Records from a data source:
————————
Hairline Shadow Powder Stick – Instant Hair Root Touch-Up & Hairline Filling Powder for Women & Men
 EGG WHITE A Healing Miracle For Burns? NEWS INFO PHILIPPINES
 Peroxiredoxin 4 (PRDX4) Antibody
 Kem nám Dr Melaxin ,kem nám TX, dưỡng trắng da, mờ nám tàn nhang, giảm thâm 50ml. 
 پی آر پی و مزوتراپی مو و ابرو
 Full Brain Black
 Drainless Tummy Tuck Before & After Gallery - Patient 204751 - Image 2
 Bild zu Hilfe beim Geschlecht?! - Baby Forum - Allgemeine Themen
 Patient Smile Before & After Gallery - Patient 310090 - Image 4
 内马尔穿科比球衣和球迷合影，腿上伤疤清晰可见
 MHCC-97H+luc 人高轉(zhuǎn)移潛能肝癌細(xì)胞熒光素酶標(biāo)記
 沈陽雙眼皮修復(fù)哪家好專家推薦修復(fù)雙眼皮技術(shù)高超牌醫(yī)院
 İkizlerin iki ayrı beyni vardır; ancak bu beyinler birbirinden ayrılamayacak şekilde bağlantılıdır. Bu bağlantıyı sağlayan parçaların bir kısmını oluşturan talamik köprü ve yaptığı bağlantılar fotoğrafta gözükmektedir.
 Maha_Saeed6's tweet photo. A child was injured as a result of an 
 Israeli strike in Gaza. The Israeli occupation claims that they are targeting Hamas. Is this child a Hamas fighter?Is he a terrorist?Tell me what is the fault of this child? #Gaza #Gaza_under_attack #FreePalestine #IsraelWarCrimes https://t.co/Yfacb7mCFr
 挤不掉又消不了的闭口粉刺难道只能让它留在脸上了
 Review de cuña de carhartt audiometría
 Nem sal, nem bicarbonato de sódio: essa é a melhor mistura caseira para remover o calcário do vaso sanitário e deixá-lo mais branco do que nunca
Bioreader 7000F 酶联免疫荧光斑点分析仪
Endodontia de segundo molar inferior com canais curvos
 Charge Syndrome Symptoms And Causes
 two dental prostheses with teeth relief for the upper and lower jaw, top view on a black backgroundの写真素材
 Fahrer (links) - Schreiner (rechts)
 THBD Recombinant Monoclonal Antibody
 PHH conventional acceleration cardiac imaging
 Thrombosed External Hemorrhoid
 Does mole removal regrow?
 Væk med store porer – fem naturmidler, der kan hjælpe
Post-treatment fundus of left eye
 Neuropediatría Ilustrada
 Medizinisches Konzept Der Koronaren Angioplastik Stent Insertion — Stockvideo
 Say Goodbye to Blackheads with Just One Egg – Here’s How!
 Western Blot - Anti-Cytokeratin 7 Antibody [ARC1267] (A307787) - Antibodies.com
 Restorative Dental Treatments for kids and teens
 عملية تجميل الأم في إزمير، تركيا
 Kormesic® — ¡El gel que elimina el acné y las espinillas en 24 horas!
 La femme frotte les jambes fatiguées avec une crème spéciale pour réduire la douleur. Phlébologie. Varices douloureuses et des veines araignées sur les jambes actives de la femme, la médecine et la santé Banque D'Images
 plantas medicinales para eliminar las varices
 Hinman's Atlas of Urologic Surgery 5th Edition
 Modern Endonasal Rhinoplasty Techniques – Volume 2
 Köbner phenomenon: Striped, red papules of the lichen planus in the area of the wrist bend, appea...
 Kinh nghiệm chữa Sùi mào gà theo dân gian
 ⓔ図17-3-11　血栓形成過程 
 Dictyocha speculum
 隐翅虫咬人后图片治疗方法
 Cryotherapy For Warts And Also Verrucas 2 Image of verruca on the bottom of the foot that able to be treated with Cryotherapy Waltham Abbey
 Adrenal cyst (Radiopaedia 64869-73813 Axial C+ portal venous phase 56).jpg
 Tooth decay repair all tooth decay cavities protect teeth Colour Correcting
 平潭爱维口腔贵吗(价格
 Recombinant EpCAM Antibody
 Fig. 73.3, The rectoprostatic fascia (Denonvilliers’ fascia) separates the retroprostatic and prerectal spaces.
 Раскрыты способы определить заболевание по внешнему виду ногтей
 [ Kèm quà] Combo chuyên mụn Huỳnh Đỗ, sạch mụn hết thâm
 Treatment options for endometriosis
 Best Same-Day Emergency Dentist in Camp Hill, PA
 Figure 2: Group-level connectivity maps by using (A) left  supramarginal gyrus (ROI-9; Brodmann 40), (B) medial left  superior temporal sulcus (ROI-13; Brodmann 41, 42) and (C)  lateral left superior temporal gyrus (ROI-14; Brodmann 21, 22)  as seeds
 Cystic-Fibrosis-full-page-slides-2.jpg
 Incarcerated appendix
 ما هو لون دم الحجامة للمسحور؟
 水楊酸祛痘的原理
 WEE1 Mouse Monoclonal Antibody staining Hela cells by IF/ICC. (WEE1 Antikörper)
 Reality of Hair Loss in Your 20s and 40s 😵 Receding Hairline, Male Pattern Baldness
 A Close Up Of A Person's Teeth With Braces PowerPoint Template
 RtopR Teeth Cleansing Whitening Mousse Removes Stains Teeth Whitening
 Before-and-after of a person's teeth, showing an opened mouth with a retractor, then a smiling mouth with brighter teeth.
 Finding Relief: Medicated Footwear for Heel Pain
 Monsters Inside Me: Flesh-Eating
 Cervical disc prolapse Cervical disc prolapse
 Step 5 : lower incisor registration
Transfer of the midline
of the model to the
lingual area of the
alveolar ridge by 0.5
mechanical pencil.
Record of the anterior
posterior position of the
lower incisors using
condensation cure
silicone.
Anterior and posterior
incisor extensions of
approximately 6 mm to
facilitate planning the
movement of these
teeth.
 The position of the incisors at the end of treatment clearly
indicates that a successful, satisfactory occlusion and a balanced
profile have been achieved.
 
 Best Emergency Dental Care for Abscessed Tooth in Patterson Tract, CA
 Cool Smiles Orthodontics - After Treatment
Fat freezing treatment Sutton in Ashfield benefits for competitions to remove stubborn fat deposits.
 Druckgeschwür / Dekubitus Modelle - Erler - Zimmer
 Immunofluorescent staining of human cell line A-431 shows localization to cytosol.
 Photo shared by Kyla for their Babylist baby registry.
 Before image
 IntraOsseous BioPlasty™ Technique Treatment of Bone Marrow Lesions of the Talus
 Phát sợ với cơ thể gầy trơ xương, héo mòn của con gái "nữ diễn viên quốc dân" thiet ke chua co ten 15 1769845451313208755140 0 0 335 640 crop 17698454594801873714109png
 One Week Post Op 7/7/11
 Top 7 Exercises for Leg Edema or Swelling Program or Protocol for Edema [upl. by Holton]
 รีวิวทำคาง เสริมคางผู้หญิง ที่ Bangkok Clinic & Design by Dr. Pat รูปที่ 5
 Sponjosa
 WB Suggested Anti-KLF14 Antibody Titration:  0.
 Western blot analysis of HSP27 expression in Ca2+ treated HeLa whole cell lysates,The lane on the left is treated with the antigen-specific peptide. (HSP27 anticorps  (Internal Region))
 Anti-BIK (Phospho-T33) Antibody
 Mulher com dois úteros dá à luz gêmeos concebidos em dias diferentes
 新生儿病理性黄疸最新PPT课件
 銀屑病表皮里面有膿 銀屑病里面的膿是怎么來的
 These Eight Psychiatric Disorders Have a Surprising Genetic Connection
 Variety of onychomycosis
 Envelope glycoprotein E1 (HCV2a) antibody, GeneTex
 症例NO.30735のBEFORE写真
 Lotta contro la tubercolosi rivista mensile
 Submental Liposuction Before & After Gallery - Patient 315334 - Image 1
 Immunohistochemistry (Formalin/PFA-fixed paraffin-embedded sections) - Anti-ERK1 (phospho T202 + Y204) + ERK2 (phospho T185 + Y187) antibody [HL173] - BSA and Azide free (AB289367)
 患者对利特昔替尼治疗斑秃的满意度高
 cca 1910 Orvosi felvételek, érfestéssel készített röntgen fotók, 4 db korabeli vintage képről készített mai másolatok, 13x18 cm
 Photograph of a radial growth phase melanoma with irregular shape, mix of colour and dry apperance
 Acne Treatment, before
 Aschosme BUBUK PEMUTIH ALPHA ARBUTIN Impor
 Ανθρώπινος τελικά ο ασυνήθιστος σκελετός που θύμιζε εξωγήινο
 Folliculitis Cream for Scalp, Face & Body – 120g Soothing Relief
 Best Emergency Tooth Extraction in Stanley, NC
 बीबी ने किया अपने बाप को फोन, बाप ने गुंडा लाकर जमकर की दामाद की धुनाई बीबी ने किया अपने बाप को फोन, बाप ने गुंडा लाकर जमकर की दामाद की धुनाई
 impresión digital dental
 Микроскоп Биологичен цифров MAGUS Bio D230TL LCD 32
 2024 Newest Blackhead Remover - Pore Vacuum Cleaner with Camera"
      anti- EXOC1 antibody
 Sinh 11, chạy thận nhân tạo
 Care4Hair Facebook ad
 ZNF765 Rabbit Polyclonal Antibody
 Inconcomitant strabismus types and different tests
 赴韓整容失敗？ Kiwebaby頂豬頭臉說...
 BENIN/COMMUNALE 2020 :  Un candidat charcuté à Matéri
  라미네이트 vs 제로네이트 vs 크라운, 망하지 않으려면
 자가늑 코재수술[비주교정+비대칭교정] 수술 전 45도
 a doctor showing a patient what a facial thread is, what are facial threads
————————
# [EXERCISE]
Quote, without alteration, the final stretch of the entries: the line with "Микроскоп Биологичен цифров" onward to the last line.

# [EXERCISE RESPONSE]
 Микроскоп Биологичен цифров MAGUS Bio D230TL LCD 32
 2024 Newest Blackhead Remover - Pore Vacuum Cleaner with Camera"
      anti- EXOC1 antibody
 Sinh 11, chạy thận nhân tạo
 Care4Hair Facebook ad
 ZNF765 Rabbit Polyclonal Antibody
 Inconcomitant strabismus types and different tests
 赴韓整容失敗？ Kiwebaby頂豬頭臉說...
 BENIN/COMMUNALE 2020 :  Un candidat charcuté à Matéri
  라미네이트 vs 제로네이트 vs 크라운, 망하지 않으려면
 자가늑 코재수술[비주교정+비대칭교정] 수술 전 45도
 a doctor showing a patient what a facial thread is, what are facial threads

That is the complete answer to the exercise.